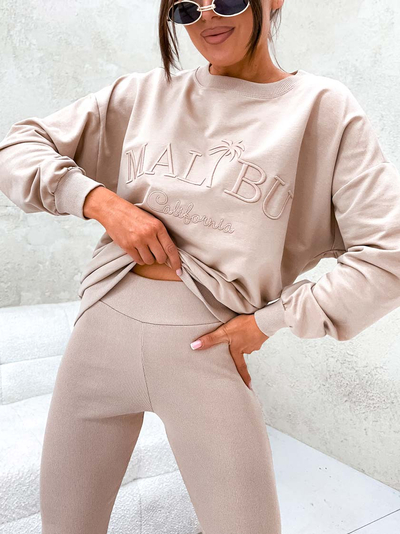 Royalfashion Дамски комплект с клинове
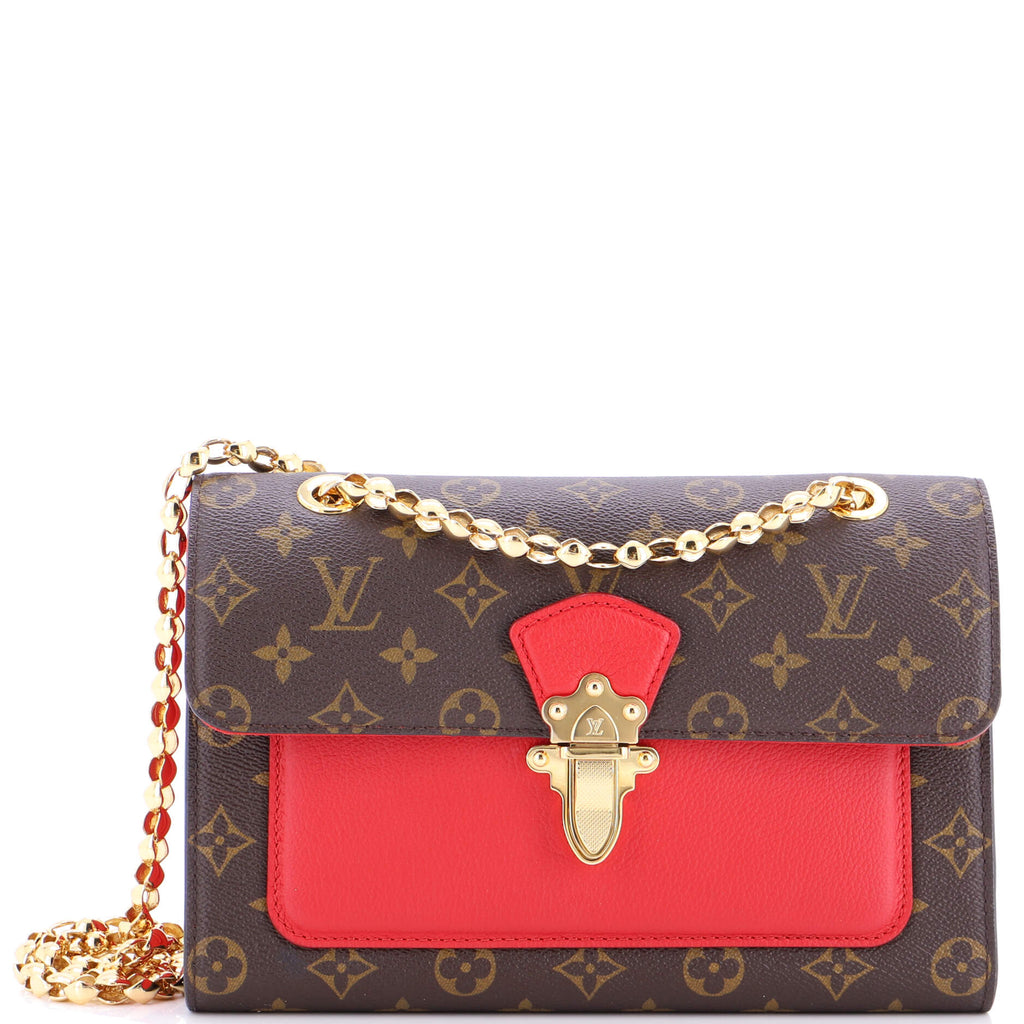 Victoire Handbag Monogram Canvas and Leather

◆ ◆ ◆ ◆ ◆

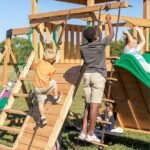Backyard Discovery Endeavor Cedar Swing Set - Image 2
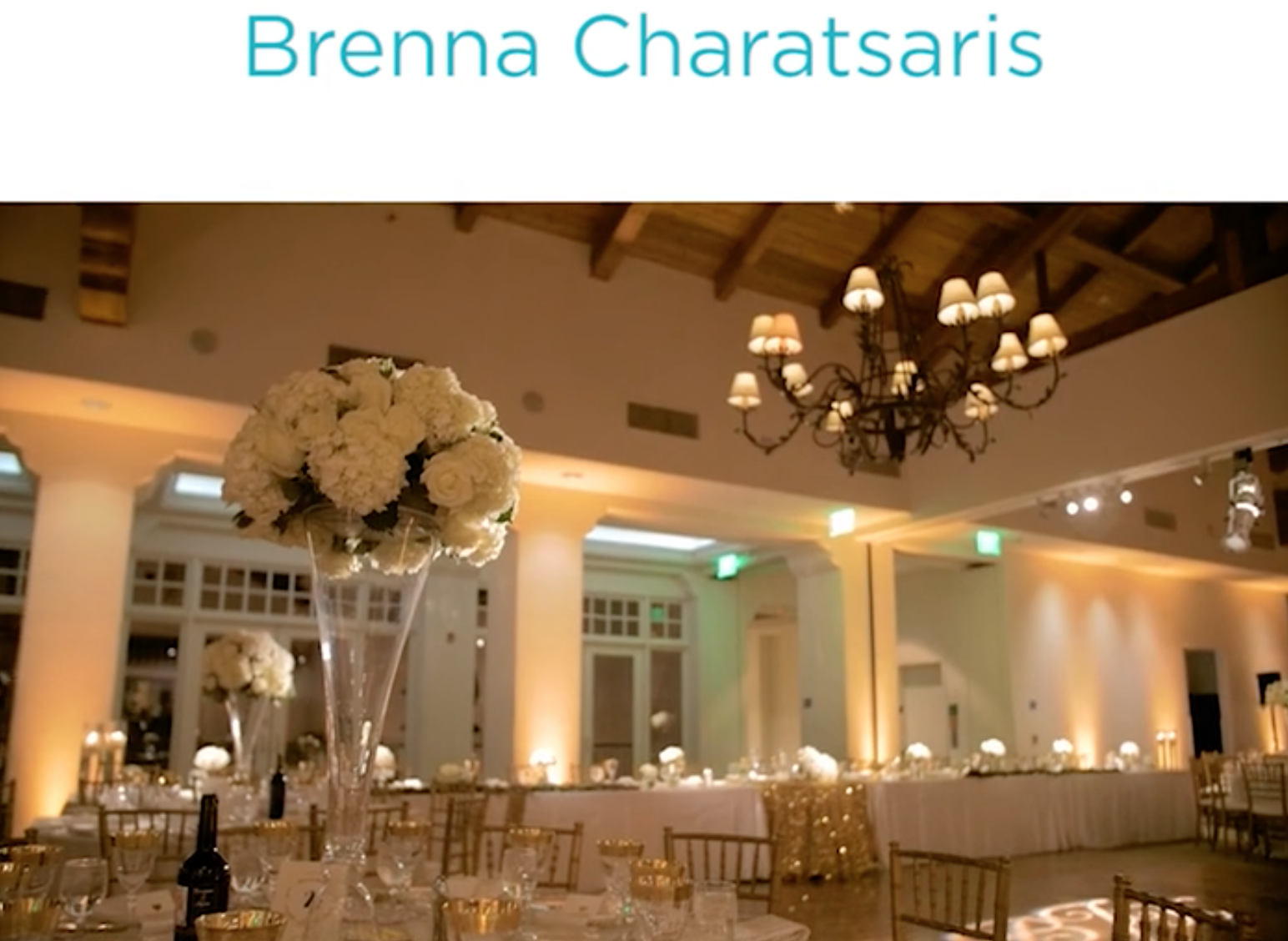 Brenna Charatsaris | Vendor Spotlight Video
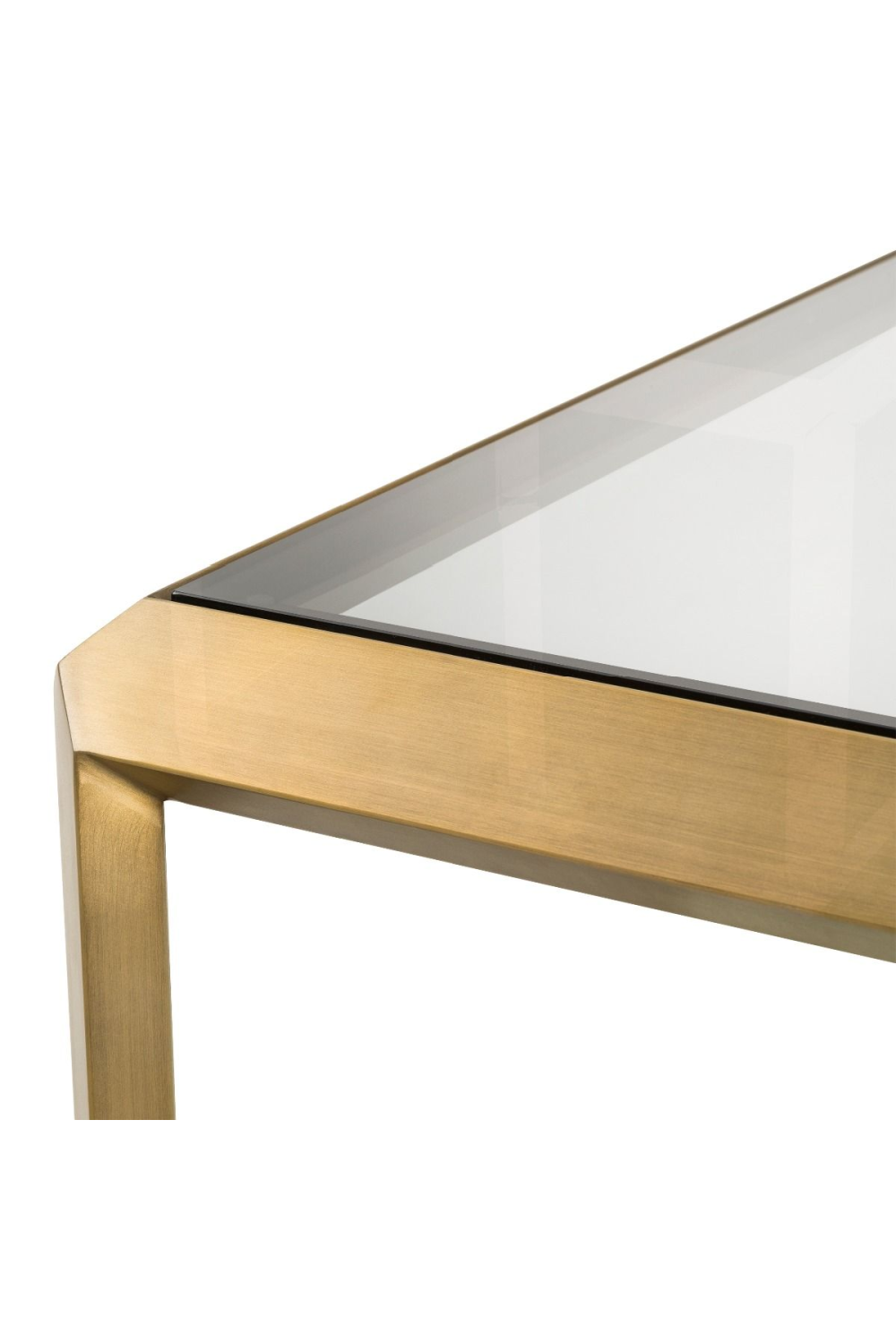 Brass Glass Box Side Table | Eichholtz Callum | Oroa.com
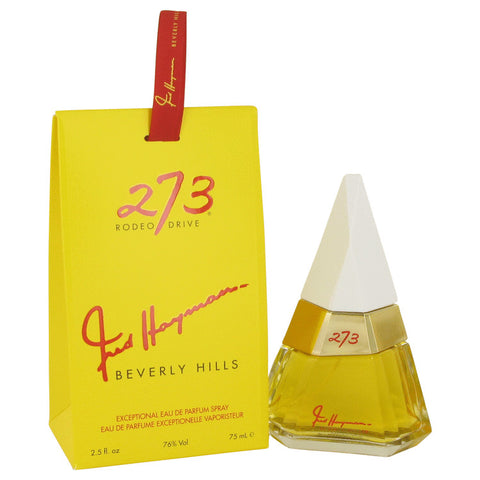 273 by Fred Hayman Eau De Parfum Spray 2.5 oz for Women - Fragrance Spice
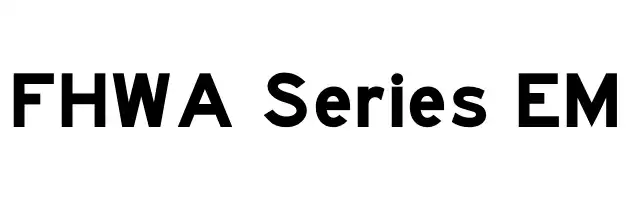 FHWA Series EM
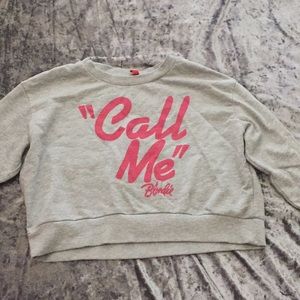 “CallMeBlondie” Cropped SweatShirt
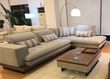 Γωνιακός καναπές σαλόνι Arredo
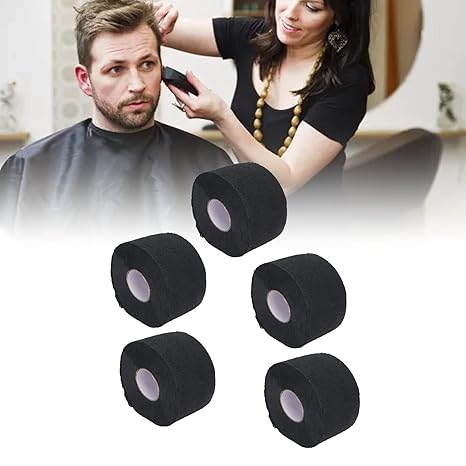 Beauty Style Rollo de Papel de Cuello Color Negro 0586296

◆ ◆ ◆ ◆ ◆

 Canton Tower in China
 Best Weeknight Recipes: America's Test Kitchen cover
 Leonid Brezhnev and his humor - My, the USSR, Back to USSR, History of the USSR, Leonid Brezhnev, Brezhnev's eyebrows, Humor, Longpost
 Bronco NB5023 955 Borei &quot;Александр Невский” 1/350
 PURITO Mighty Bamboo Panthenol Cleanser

◆ ◆ ◆ ◆ ◆

#### [WORK INSTRUCTIONS]
Pictures excluded, give again exactly and only the lines of the material above from the line with "FHWA Series EM" through the line with "Beauty Style Rollo".

#### [ANSWER BOX]
 FHWA Series EM
 “CallMeBlondie” Cropped SweatShirt
 Γωνιακός καναπές σαλόνι Arredo
 Beauty Style Rollo de Papel de Cuello Color Negro 0586296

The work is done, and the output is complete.